Introducing: Smith, the gay village’s new destination for both grubbing and clubbing

Introducing: Smith, the gay village’s new destination for both grubbing and clubbing

Looking out onto Church Street from inside Smith (Image: Daniel Barna) 

Smith may be one of the less Google-able of Toronto’s new restaurants, but owner Renda Abdo is counting on sharp design and a menu of updated takes on comfort food to lure in the masses. “Smith is for anybody that enjoys good food, good music and good atmosphere,” the Wish and Black Skirt boss says of the newly opened three-level restaurant, which took over the space formerly occupied by Straight, one of the gay village’s more popular clubs. But just because it’s a restaurant, don’t expect things to go quiet at night.

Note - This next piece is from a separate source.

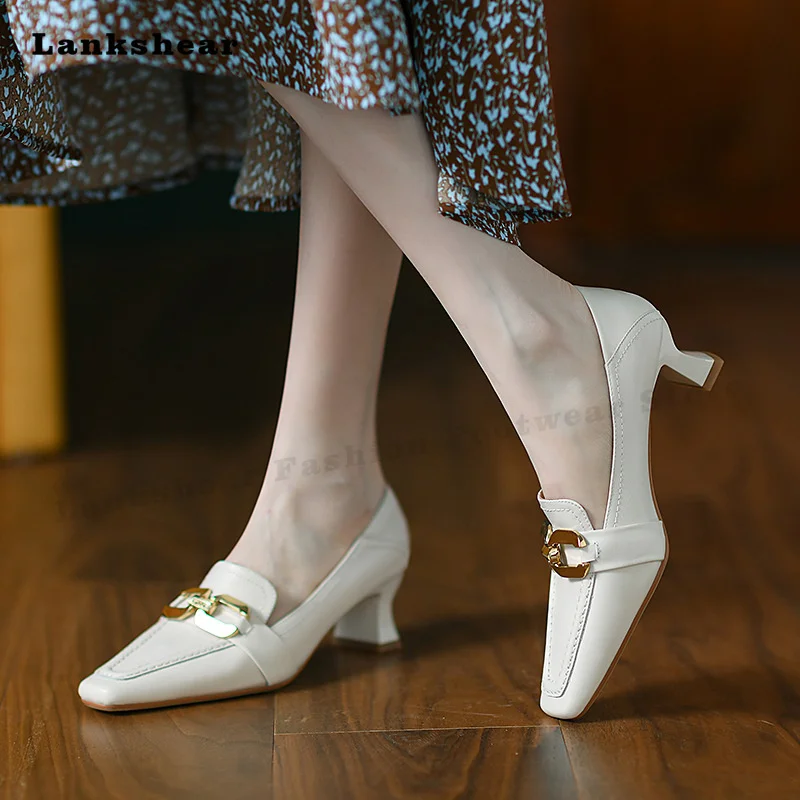 

Genuine Cow Leather Beige Pumps Shoes Women's Metal Chain Decor Thin Heel for Woman Pumps Shoes for Women 2022 Designer Heels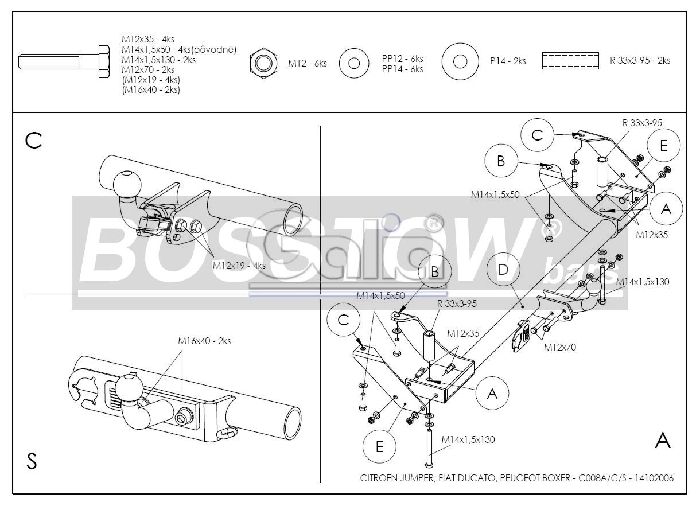 Anhängerkupplung für Citroen-Jumper Kasten/ Bus/ Kombi 2 WD, Baureihe 1994-2002 starr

Though more focused on dining than its predecessor, Abdo insists that Smith—which features a DJ booth and a dance floor on the third level—is still likely to transform into an all-out rager spot, if that’s what guests want: “We’re not interested in confining it to a label. We’re prepared to stay open until four or five in the morning if people want to continue their night.” It’s a see-what-happens attitude that’s par for the course in the teeming Church Wellesley Village, though Abdo is intent on appealing to the neighbourhood’s burgeoning community of people who “can appreciate detail and well executed design”—not just partiers.

The design was a collaborative effort between Abdo, partner Shanker Bhardwaj and the team at Commute Home (Nyood, Colborne Lane, Briscola). The result combines homey antiques and mismatched china with polished concrete floors, white exposed brick and a dramatic light fixture made of metal rods arranged like twigs. Along one wall, there’s a large installation that looks like some kind of robotic circuitry.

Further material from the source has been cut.